**Provided entries**.

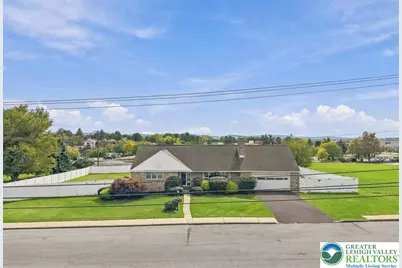 808 Jefferson Street, Whitehall Township, PA 18052 - Photo 2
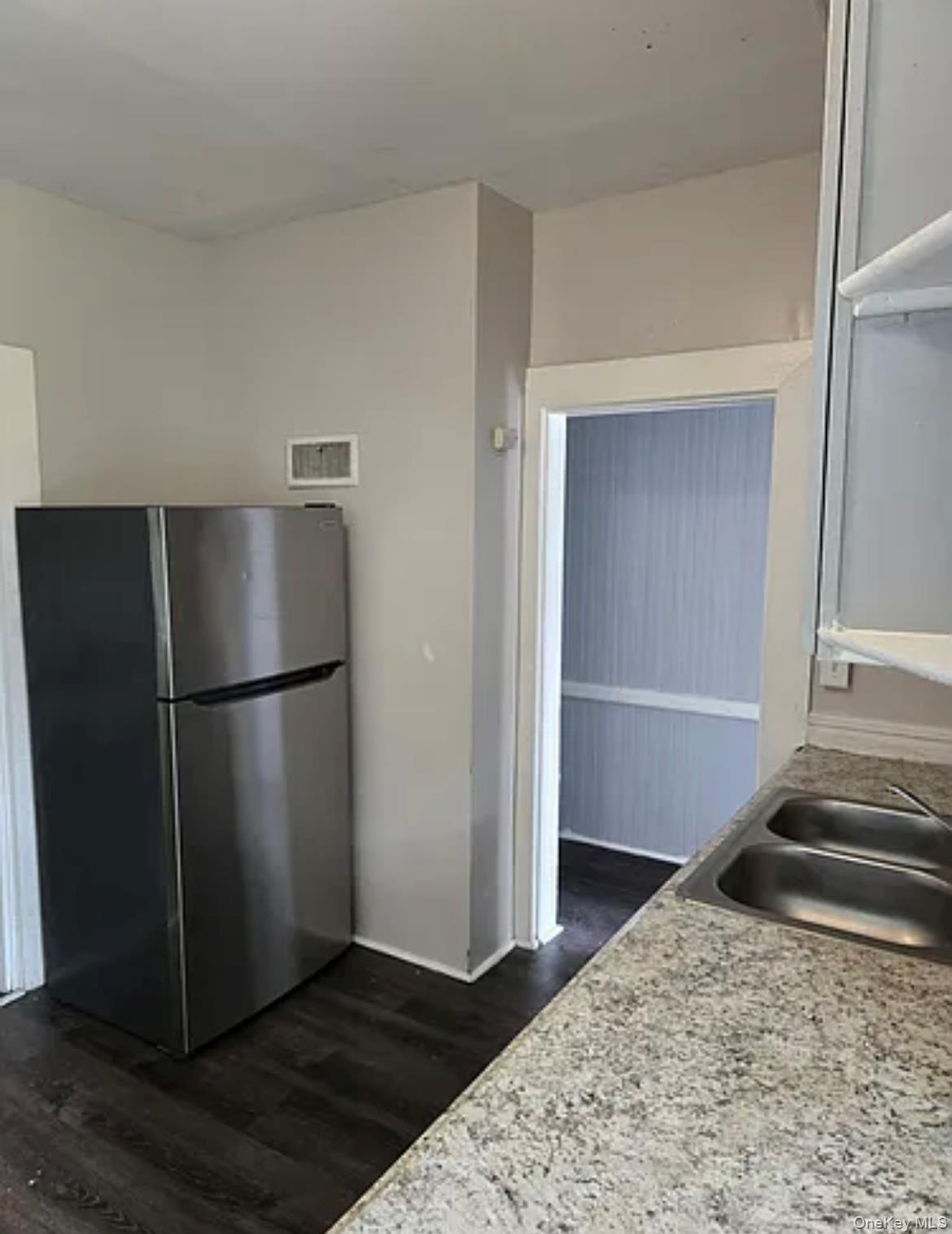 #3 photo, 146 Mansion, Poughkeepsie , NY 12601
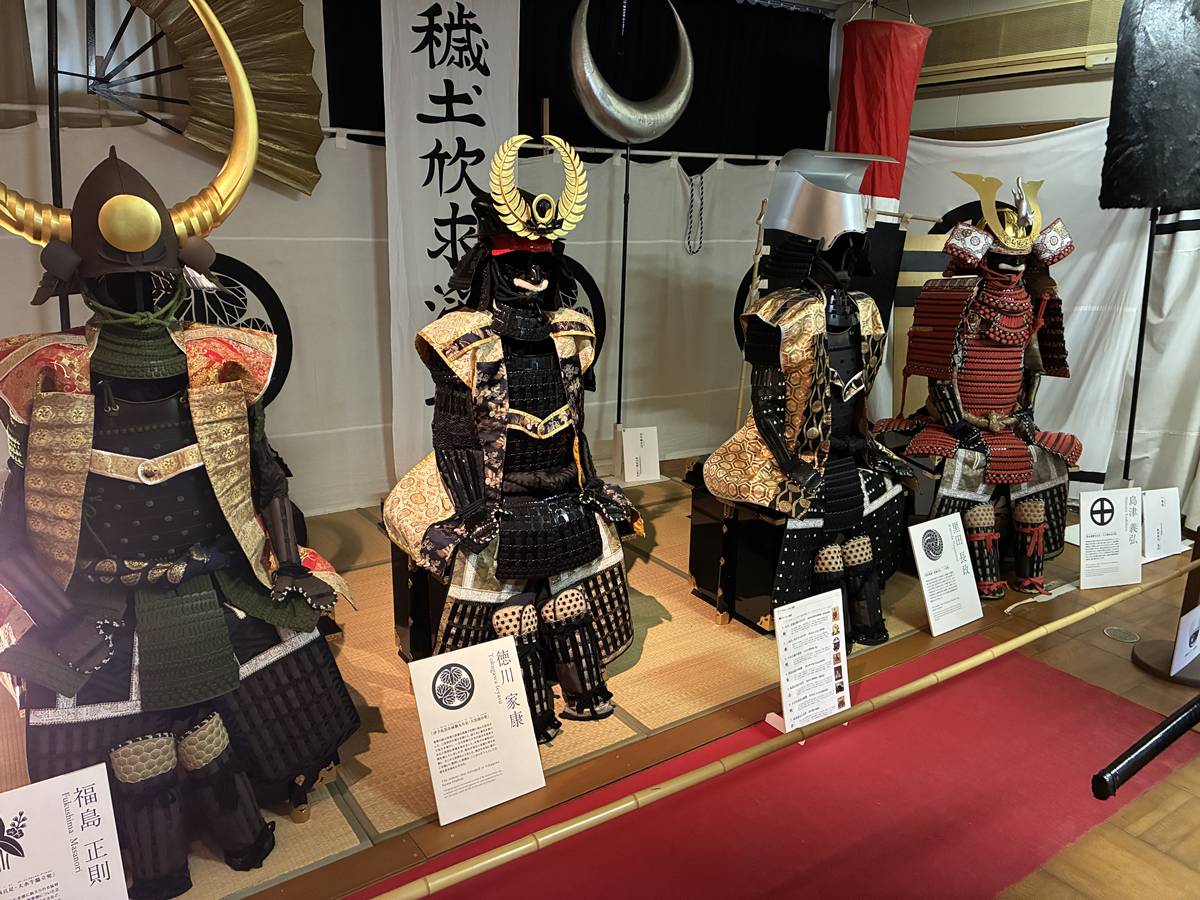 関ケ原笹尾山交流館で「甲冑体験」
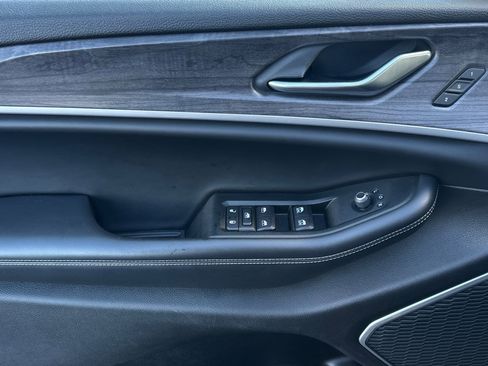 Used 2021 Jeep Grand Cherokee L Limited w/ Trailer Tow Group (B) image 11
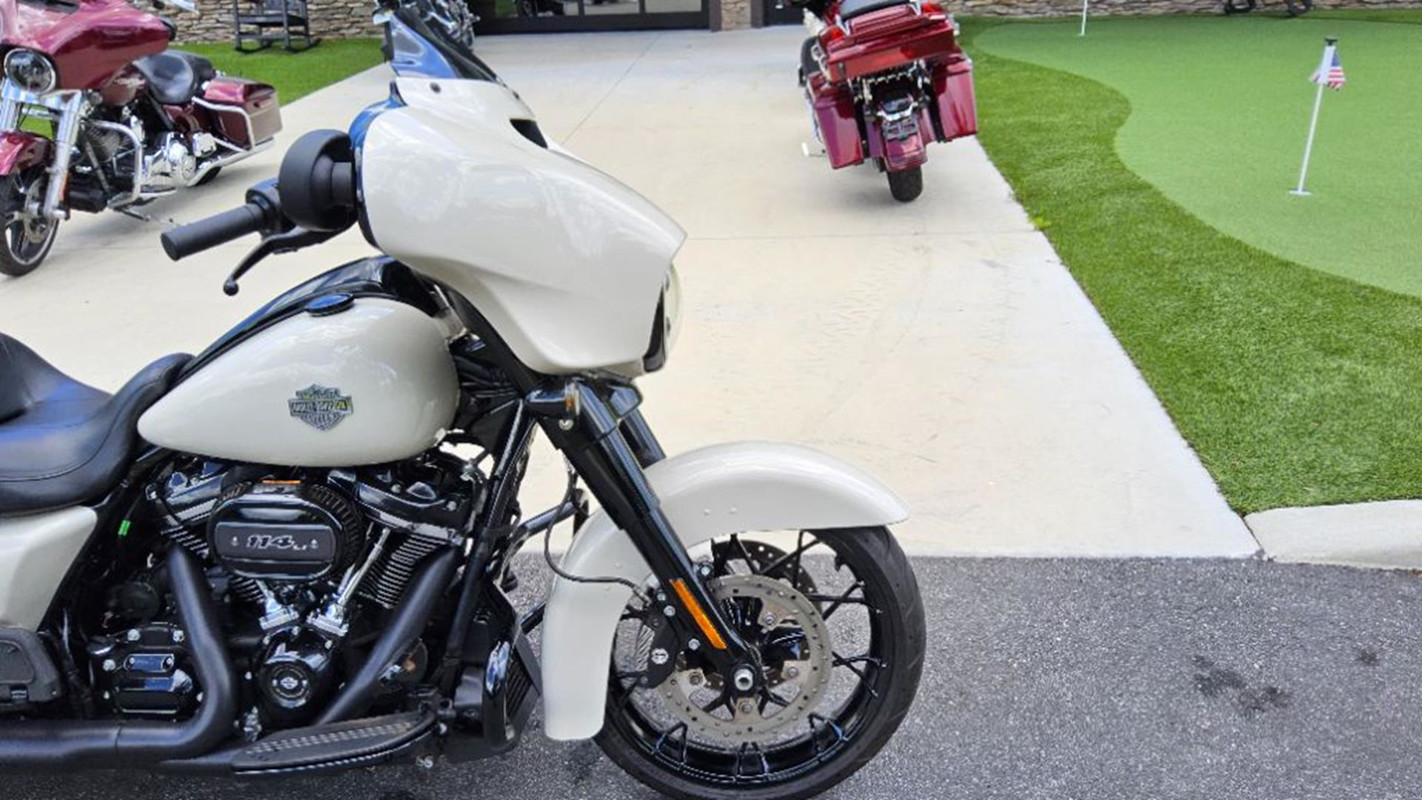 Street Glide®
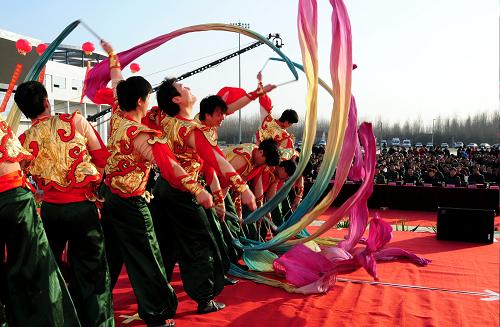 12月22日,中國歌劇舞劇院的演員在山東省臨沂市郯城縣文體中心演出現(xiàn)場為群眾表演舞蹈。當(dāng)日,全國“三下鄉(xiāng)”送文化到基層活動來到沂蒙老區(qū)山東省臨沂市郯城縣,中國歌劇舞劇院的藝術(shù)家們?yōu)楫?dāng)?shù)厝罕姳硌萘司实奈乃嚬?jié)目,受到老區(qū)人民的熱烈歡迎。據(jù)了解,演員們還將深入臨沂市的費(fèi)縣、蒙陰、莒南等地鄉(xiāng)村、校園及企業(yè)慰問演出。新華社發(fā)(房德華 攝)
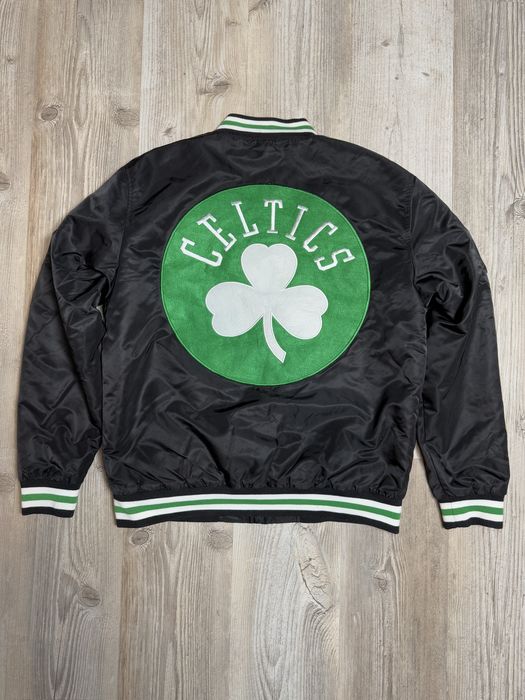 Бомбер Boston новий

**Goal of the exercise**.
From the line holding "Used 2021 Jeep" to the line holding "Street Glide®", both included, retype the entries above exactly and drop the pictures.

**Solved exercise**.
 Used 2021 Jeep Grand Cherokee L Limited w/ Trailer Tow Group (B) image 11
 Street Glide®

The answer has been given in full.